To get webpage description All works fine but everything stalls everywhere there is an apostrophe.
How do I escape that?
Your regular expression consider these three options for a <meta>
node:
<meta name="description" content="Some Content" />
<meta name='description' content='Some Content' />
<meta name=description content=Some Content />
The third option is not valid HTML, but all can happen, so... you are right.
The simple way is to modify your original regular expression closing tag and using the ?
not-greedy operator:
<meta +name *=[\"']?description[\"']? *content=[\"']?(.*?)[\"']? */?>
└─┘ └───┘
search zero-or-more characters except following closing tag characters
But — also in this case — what happen if you have this meta?

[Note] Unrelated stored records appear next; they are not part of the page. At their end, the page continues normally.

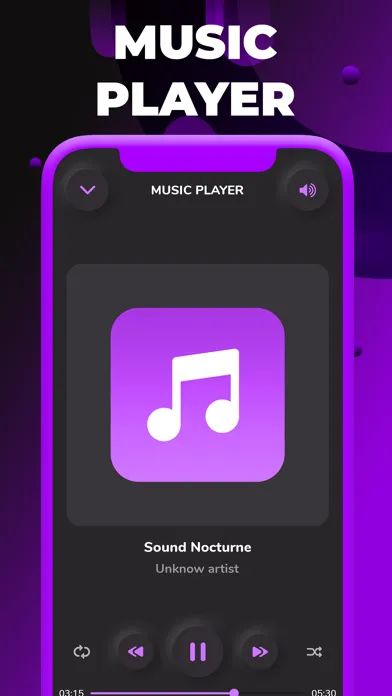 Captures d'écran de Volume Booster - Equalizer FX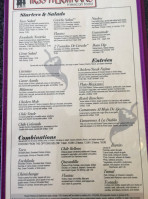 3 Hermanas menu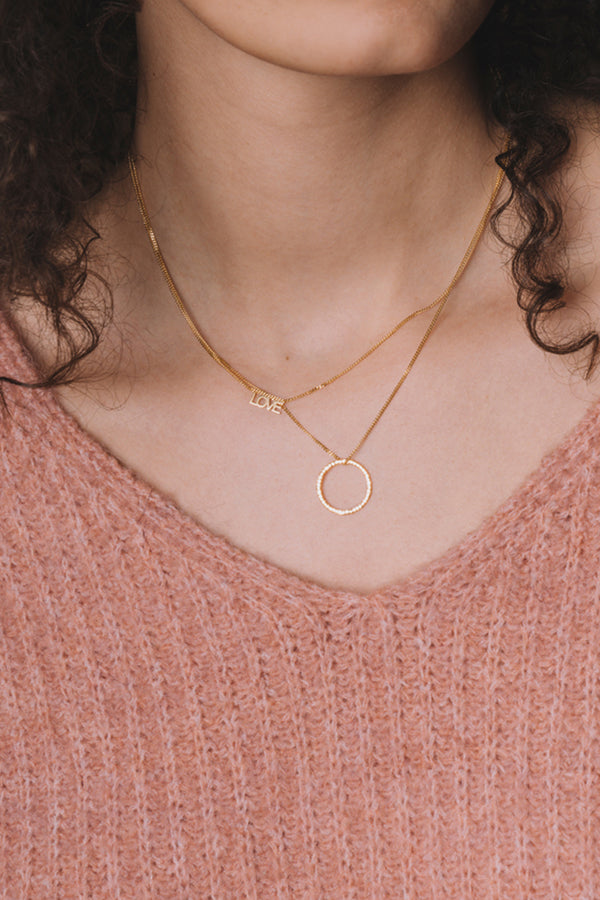 Love necklace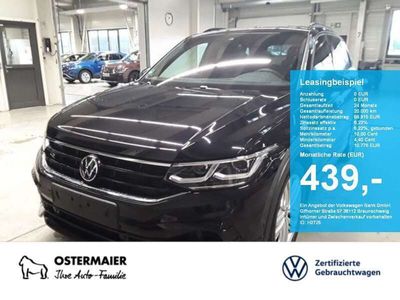 gebraucht VW Tiguan R BLACK 320PS NP.86 21 .AKRAPOVIC.AHK.PAN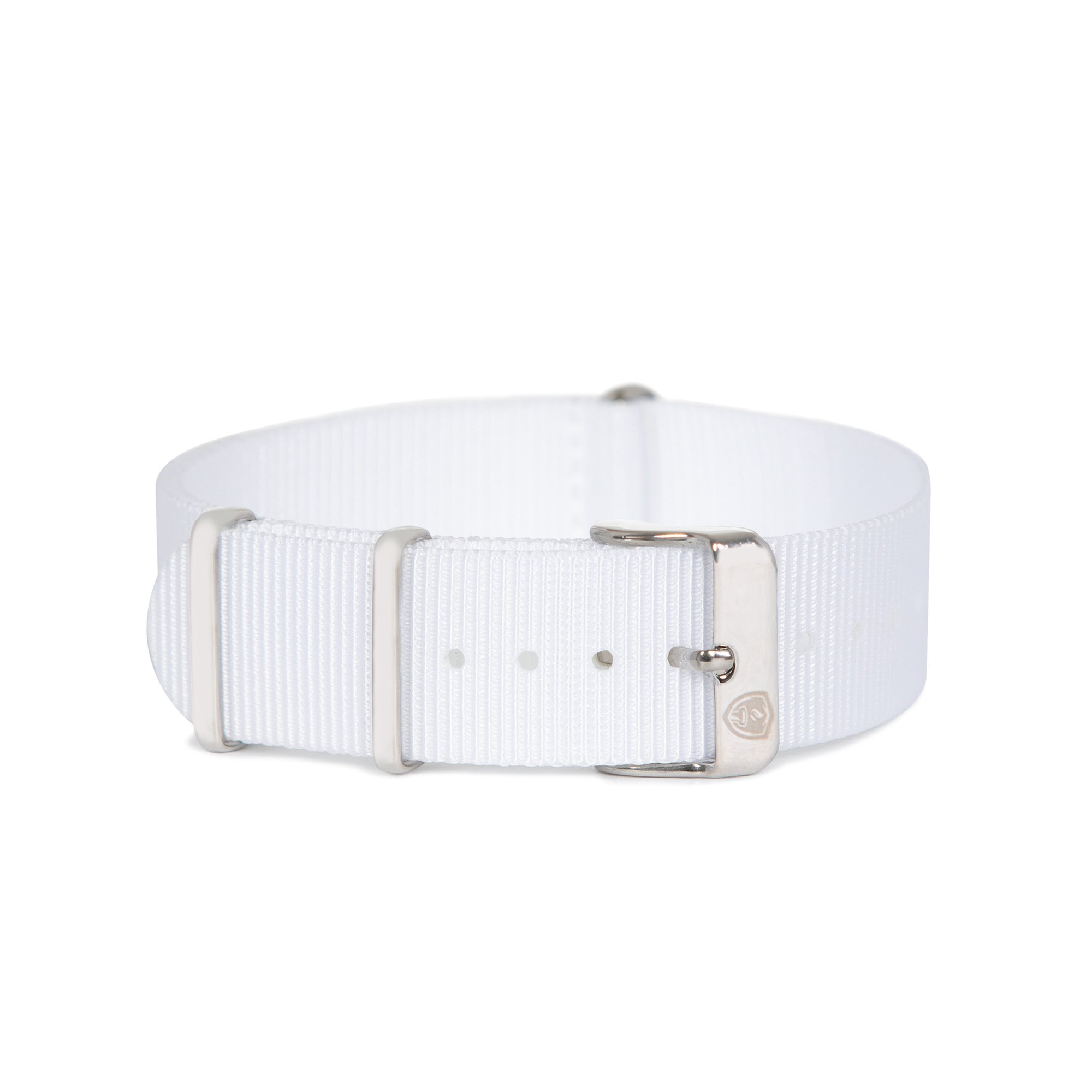 White Canvas Band – Talley & Twine Watch Company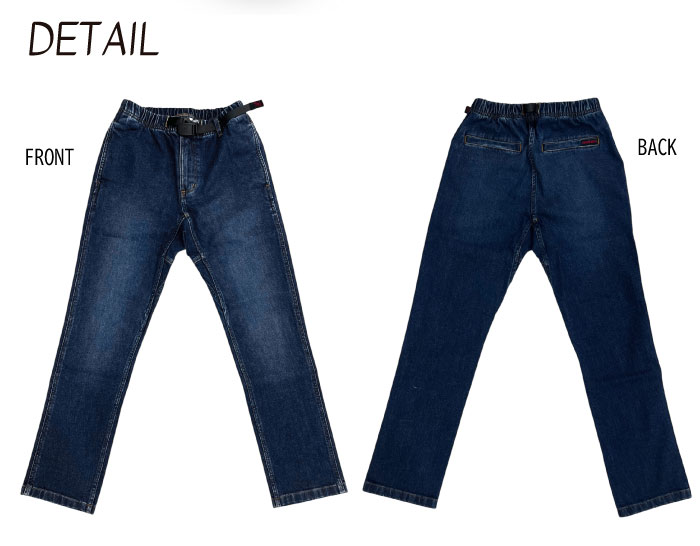 GRAMICCI（グラミチ） ストレッチデニム エヌエヌパンツ クロップド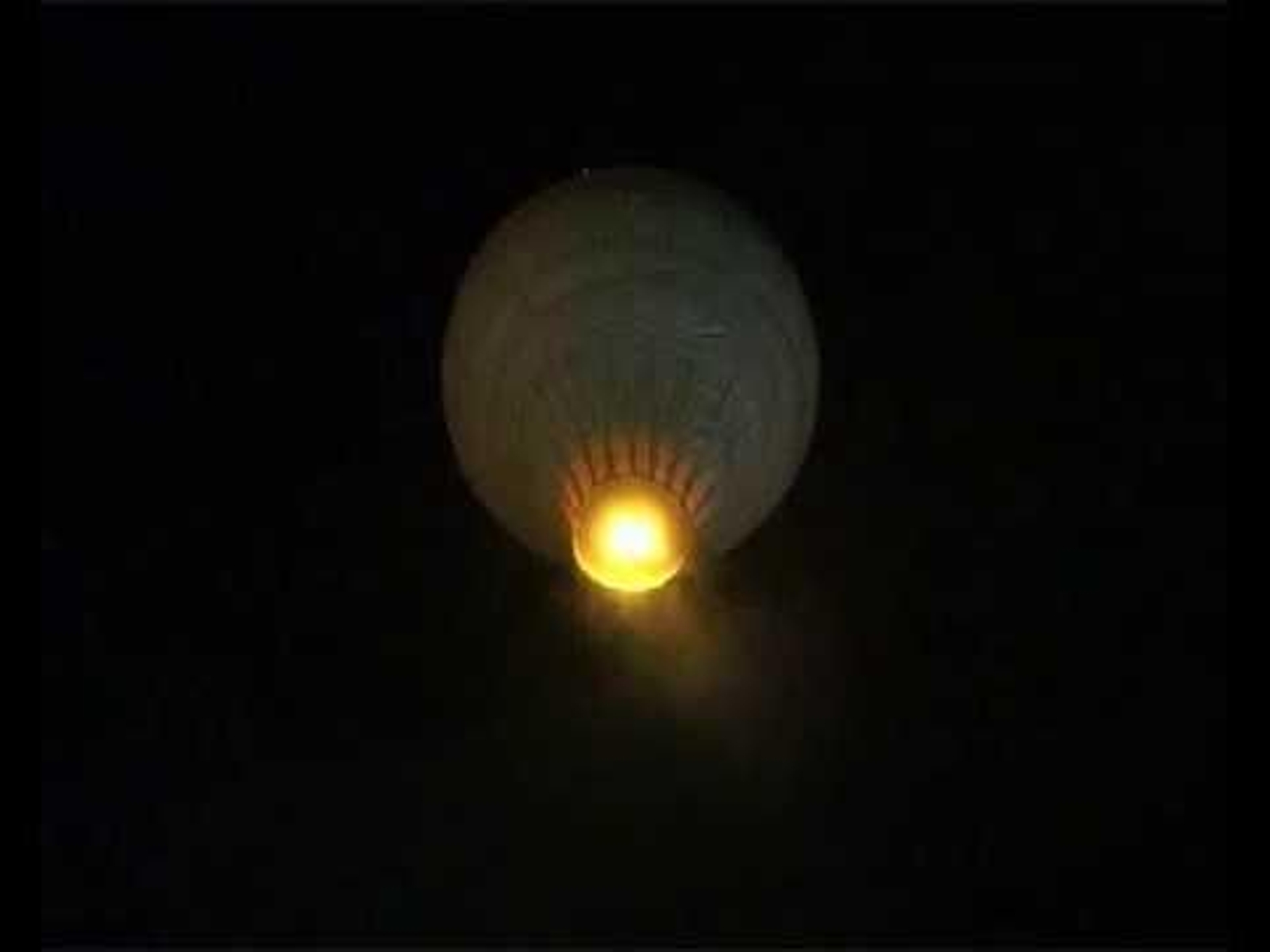 SUELTA DE GLOBO DE SAN ROQUE 2009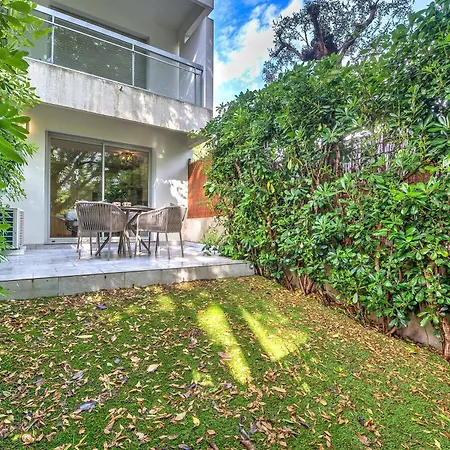 Apartmán Le Petit Garoupe - A Moins D'1km Des Plages Antibes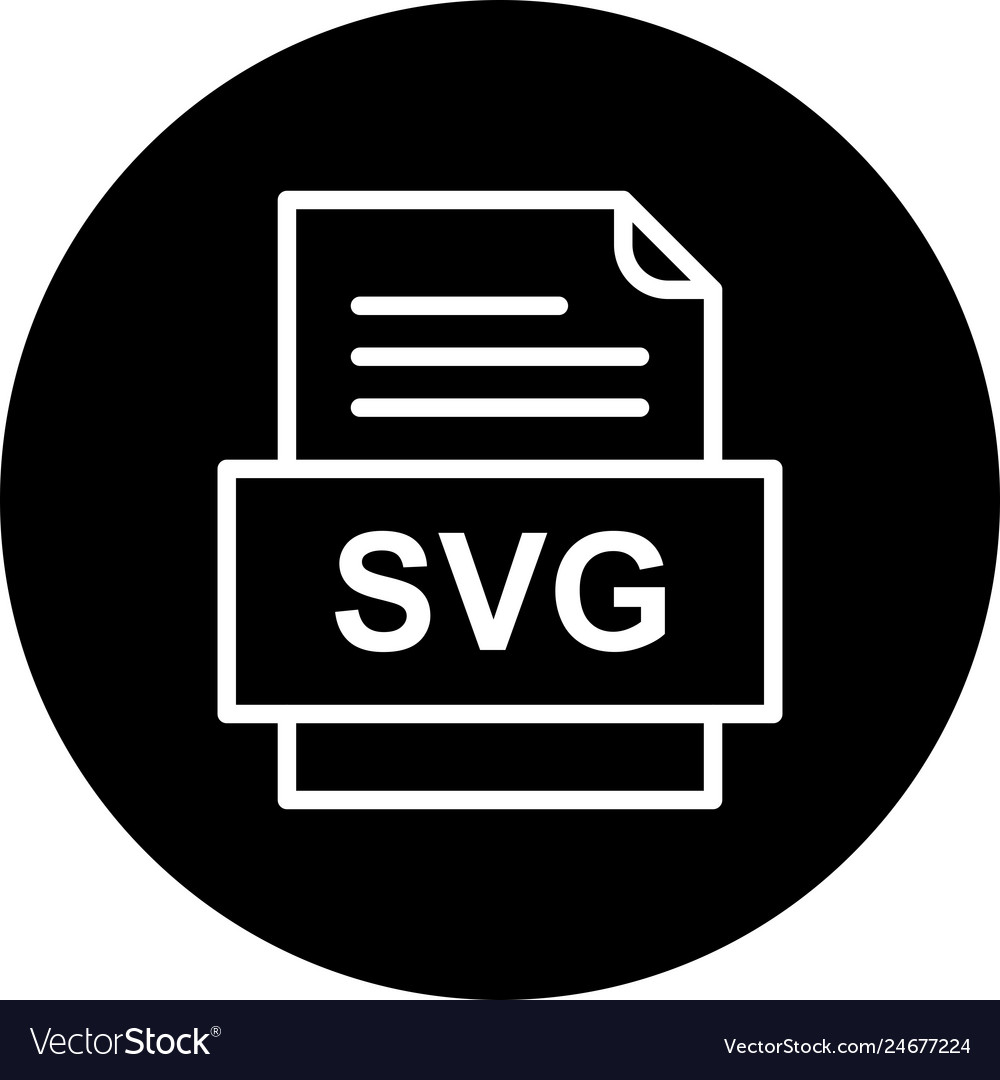 Svg file document icon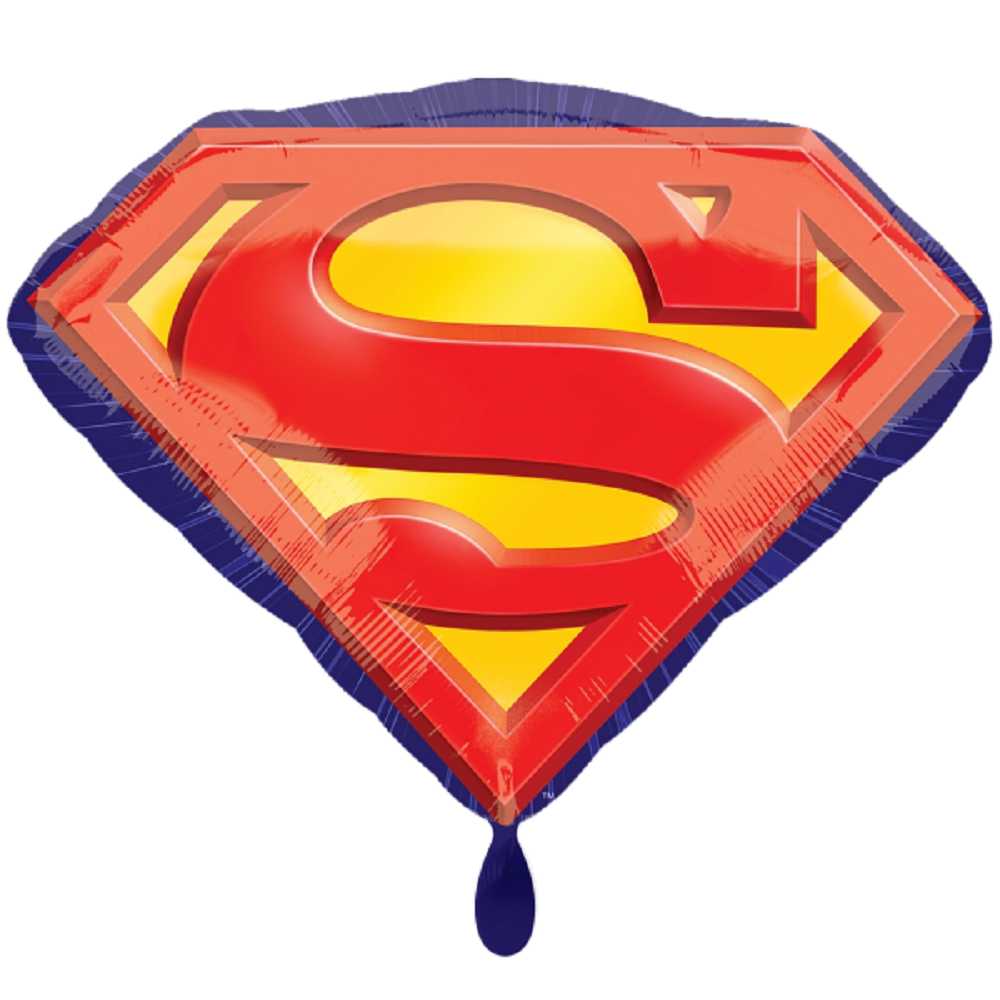 Superman Folienballon 66cm 26 Inch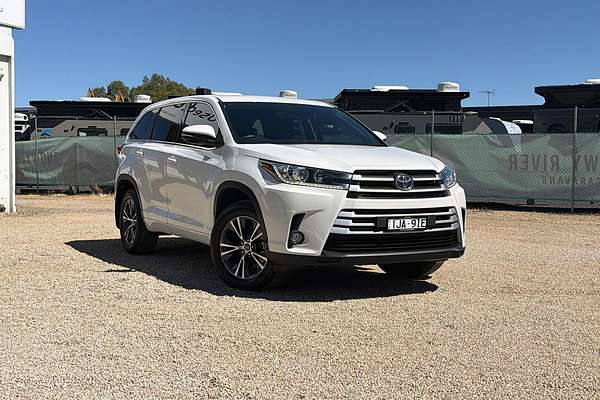 2017 Toyota Kluger GX GSU50R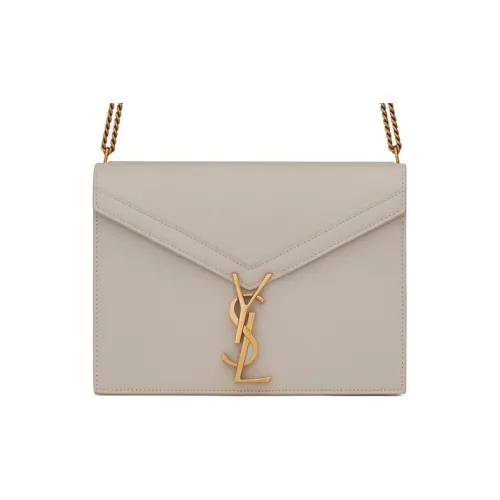 SAINT LAURENT Кожа Сумка через плечо Сумка Женская Белая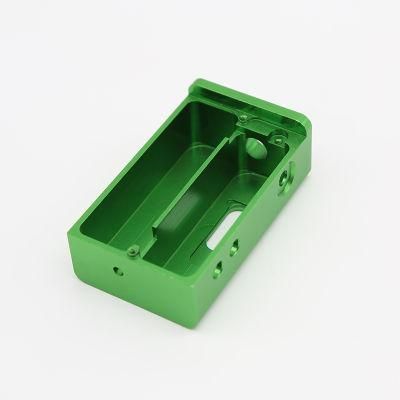 Custom CNC Machining Aluminum Anodized Housing for Amplifier Parts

<meta content="Some Content" name="description" />
Your regular expression will fail.
To real match a HTML node, you must use a parser:
$dom = new DOMDocument();
libxml_use_internal_errors(1);
$dom->loadHTML( $yourHtmlString );
$xpath = new DOMXPath( $dom );
$description = $xpath->query( '//meta[@name="description"]/@content' );
echo $description->item(0)->nodeValue);
will output:
Some Content
Yes, it's 5 lines vs 1, but with this method you will match any <meta name="description">
(also if it contains a third, not valid attribute).